Cualquier
reflexión que se formule sobre la función pública necesaria o sobre el
horizonte hacia el que deba orientarse el conjunto de nuestras Administraciones
Públicas incidirá, sin duda, en la necesidad de reforzar la profesionalidad de
los servidores públicos. Profesionalidad en el doble sentido de competencia –alta
capacitación y formación continua para el perfeccionamiento constante- y de
compromiso con el fin propio de la función pública, como es el servicio al
interés general y la ejecución del programa político establecido por el Gobierno en
el marco estricto de la legalidad.
La
profesionalidad es tanto un empeño personal, una forma de ejercer la actividad
propia de los puestos ocupados en cada momento, con dedicación y rendimiento,
como un criterio de ordenación del conjunto de la función pública, estimulando
y primando el mérito profesional de sus miembros por encima de otros elementos
subjetivos y ajenos a su idoneidad o perfil profesional. Esa profesionalidad,
como cualidad central de la función pública, debe presidir tanto el sistema de
selección como las reglas de provisión de puestos de trabajo, y ha de
traducirse también en la noción de “carrera profesional”, no entendiendo ésta
como un mero incremento retributivo, sino como una progresión real en
experiencia, habilidades y responsabilidad. La progresión profesional debe ser
retribuida, y no al contrario, es decir, no puede identificarse la carrera
profesional con el simple incremento de retribuciones complementarias, ligadas
al cambio de puesto de trabajo o al transcurso del tiempo de permanencia en la
función pública o en la realización de una concreta tarea.
Hay
que trabajar prioritariamente en la definición de un marco de desarrollo de la
profesionalidad de la función pública –que debe incluir también a la función
directiva profesional que introdujo, por vez primera, el Estatuto Básico del
Empleado Público, y que hasta la fecha no ha tenido desarrollo-, lo que ha de
plasmarse en una revisión del modelo de selección de personal –reforzando la
etapa formativa del periodo de prácticas, hoy relegada a una mera formalidad
carente de contenido efectivo-, una definición de los “méritos profesionales”

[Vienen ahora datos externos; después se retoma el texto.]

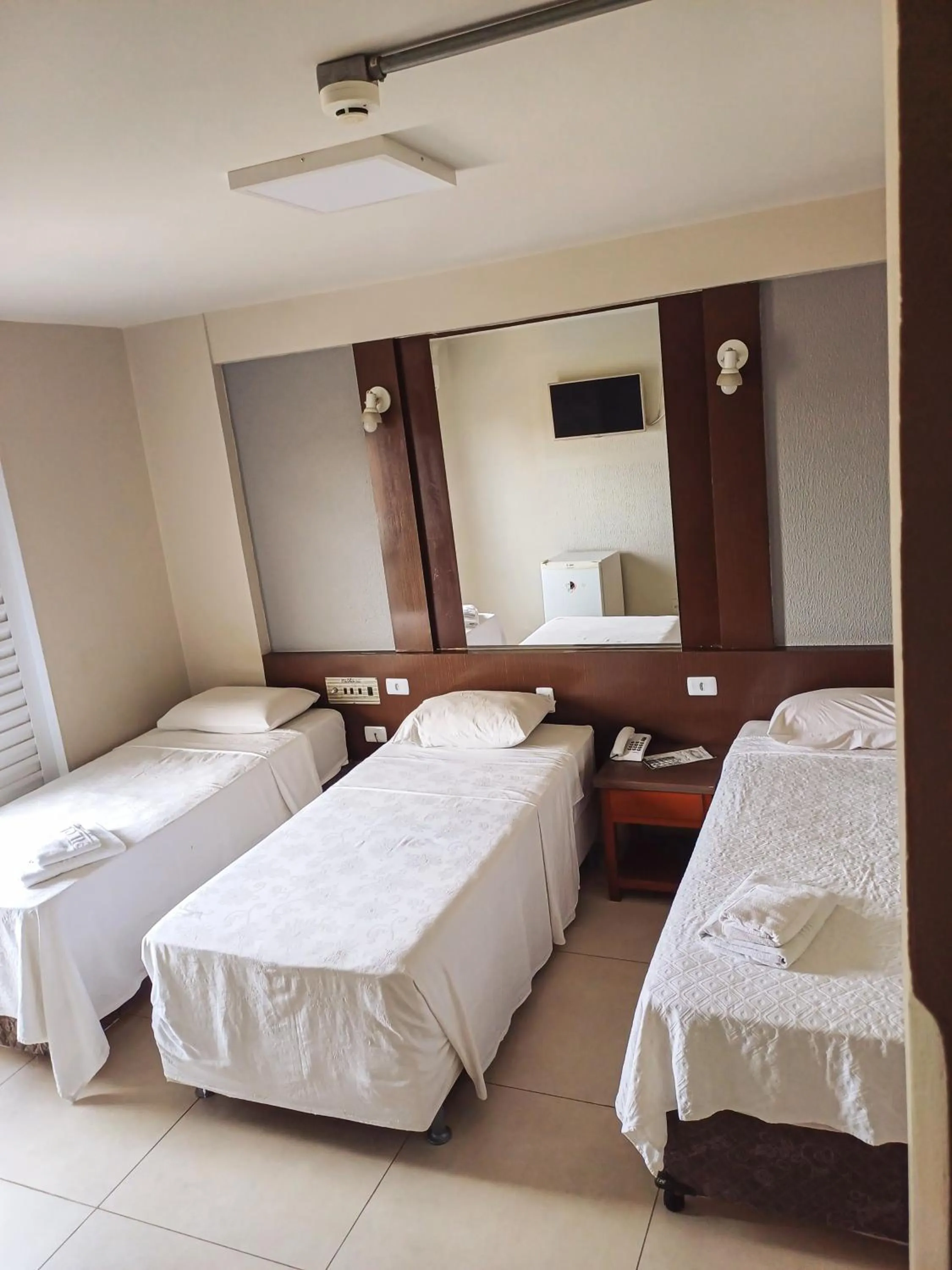 Bed in Piloes Palace Hotel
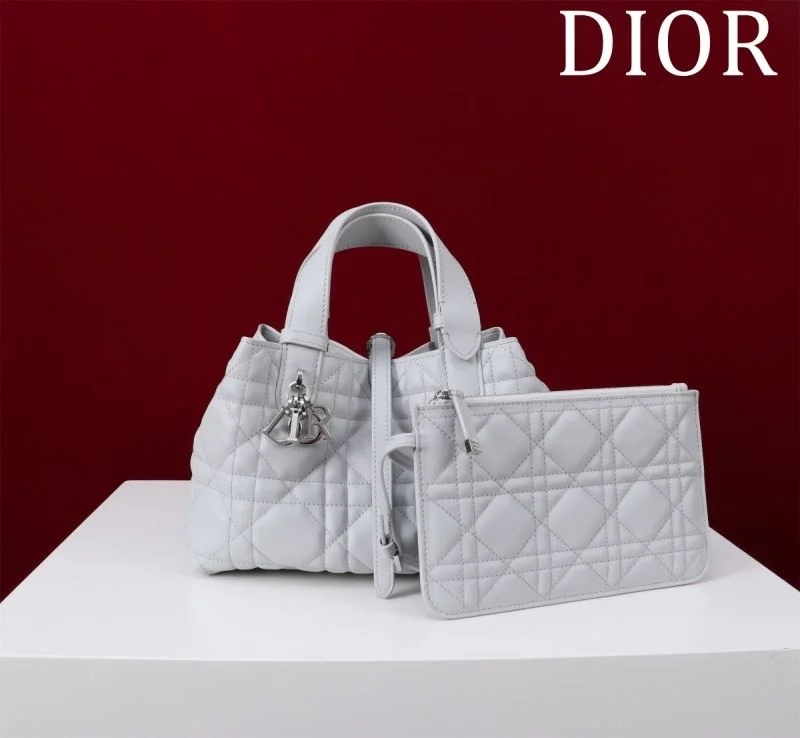 Elegant Christian Dior Shopping Bags 47018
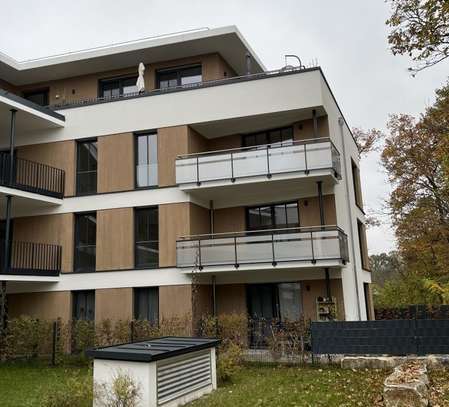 Erstbezug- 4-Zimmerwohnung - Am Marienbergpark - Einbauküche - Balkon - TG - Aufzug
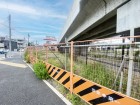 前面道路が広くお車の出し入れもスムーズ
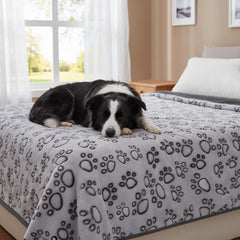Stuffed premium soft dog blanket grey 66x82 top view shows protective warmth for large dogs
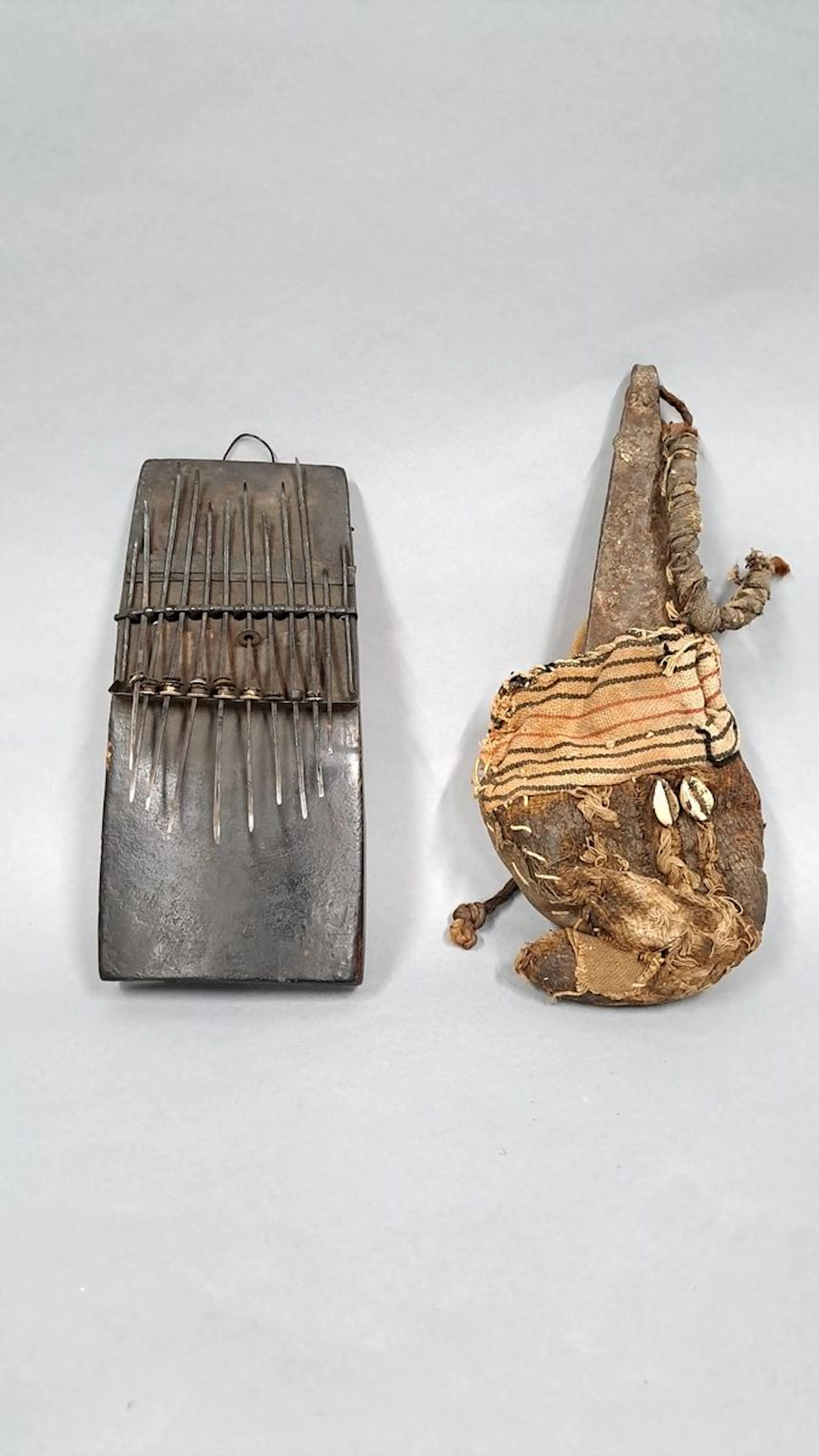 Deux instruments de musique africains : une... - Lot 380 - Rossini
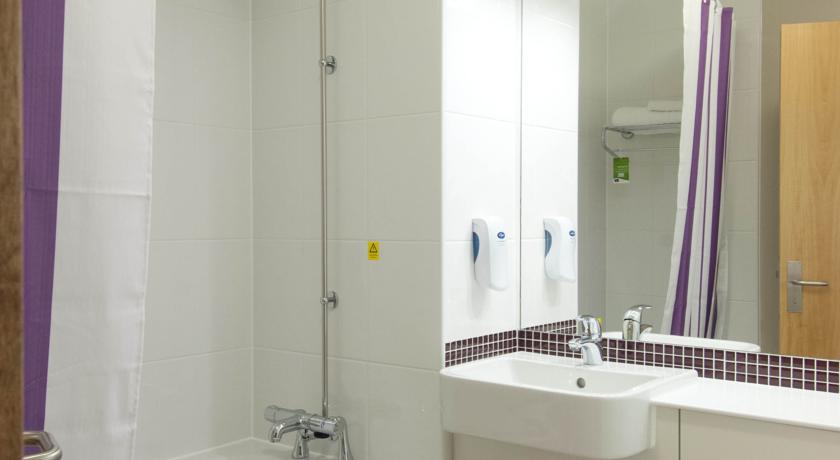 Premier Inn Bournemouth East Room photo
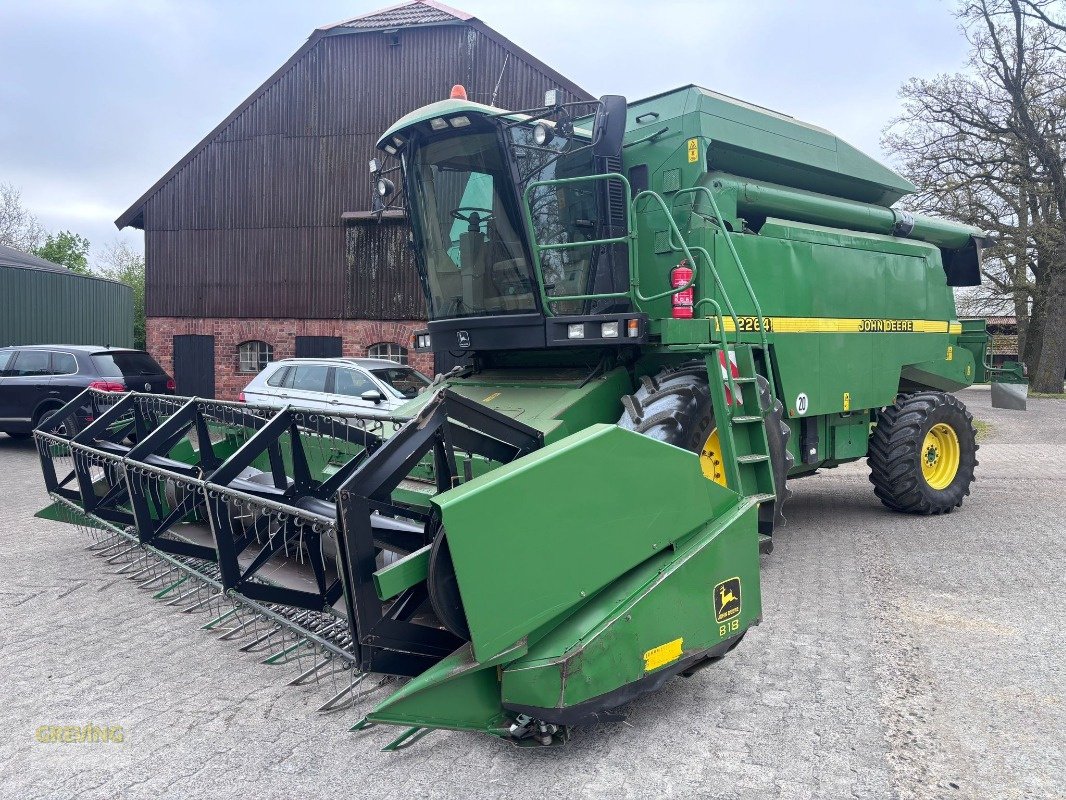 Mähdrescher typu John Deere 2264, Gebrauchtmaschine v Ahaus (Obrázek 1)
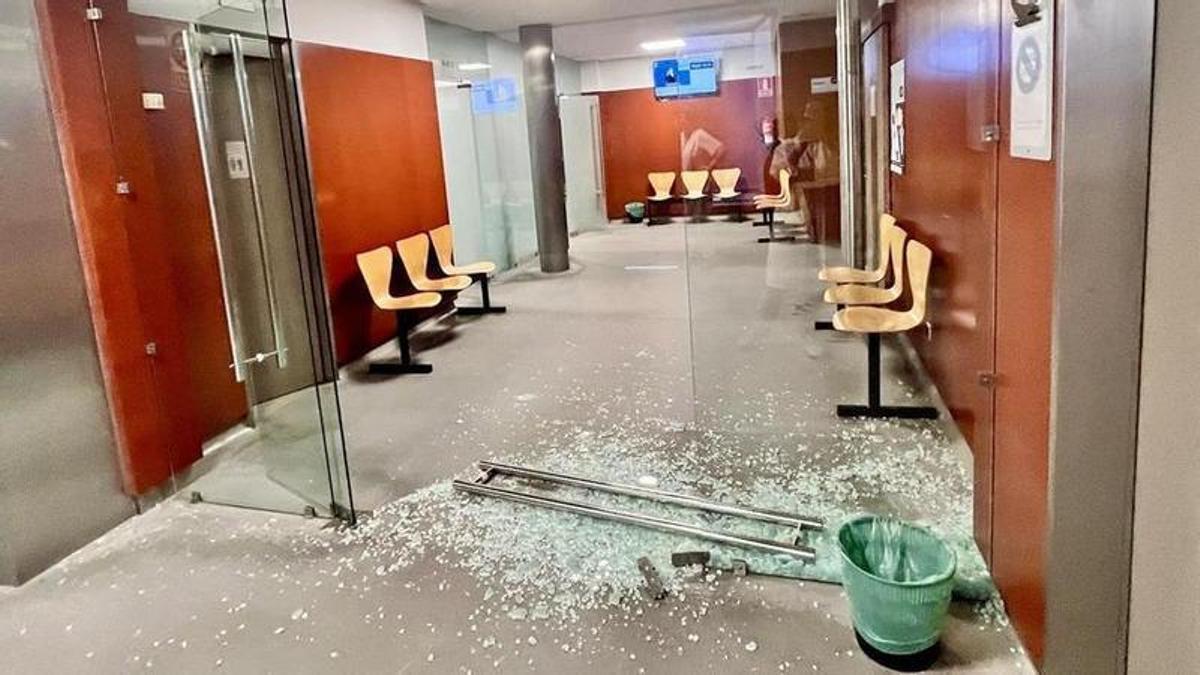 Puerta que resultó destrozada en el altercado ocurrido en septiembre de 2024.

que han de contar en el procedimiento de provisión de puestos de trabajo, que
ha de girar en torno al mecanismo de concurso de méritos, y una configuración
totalmente nueva de la formación de los empleados públicos, estructurando dicha
formación en programas concretos de especialización funcional dirigidos a las
personas que se hallan en una concreta área de actividad o aspiran a acceder a
la misma.
La
profesionalidad, además, debiera reforzarse con un desarrollo decidido de la “ética
profesional”, como ética aplicada al desempeño de la actividad funcionarial. La
ética profesional ha de ser una ética interiorizada por el conjunto de los
miembros de la función pública, que nos permita compartir una serie de valores
y conductas en nuestra labor y en nuestras relaciones internas y externas. Justamente
la ética profesional debiera ser la principal garantía de la profesionalidad
del conjunto de los empleados públicos. La que justifica verdaderamente la
actitud profesional de todos y cada uno de los servidores públicos, al margen
de los incrementos retributivos que la progresión profesional pueda llevar
aparejados. Se equivocan quienes identifican la carrera profesional como simple
mejora retributiva, algo que parece latir en el Anteproyecto de Ley de Función
Pública de Aragón.
La
profesionalidad ha de ser una exigencia y aspiración permanente, una actitud
personal y un elemento central de la política de recursos humanos de las
Administraciones Públicas. Profesionalidad que se manifieste en el doble
compromiso de eficacia y de legalidad, doble exigencia para la satisfacción del
interés general y para el verdadero servicio a los ciudadanos.
Sería
oportuno que se profundizase en la noción de profesionalidad para poder extraer
las diferentes exigencias que su realización conlleva y revisar la ordenación
de la función pública desde la óptica de su fortalecimiento.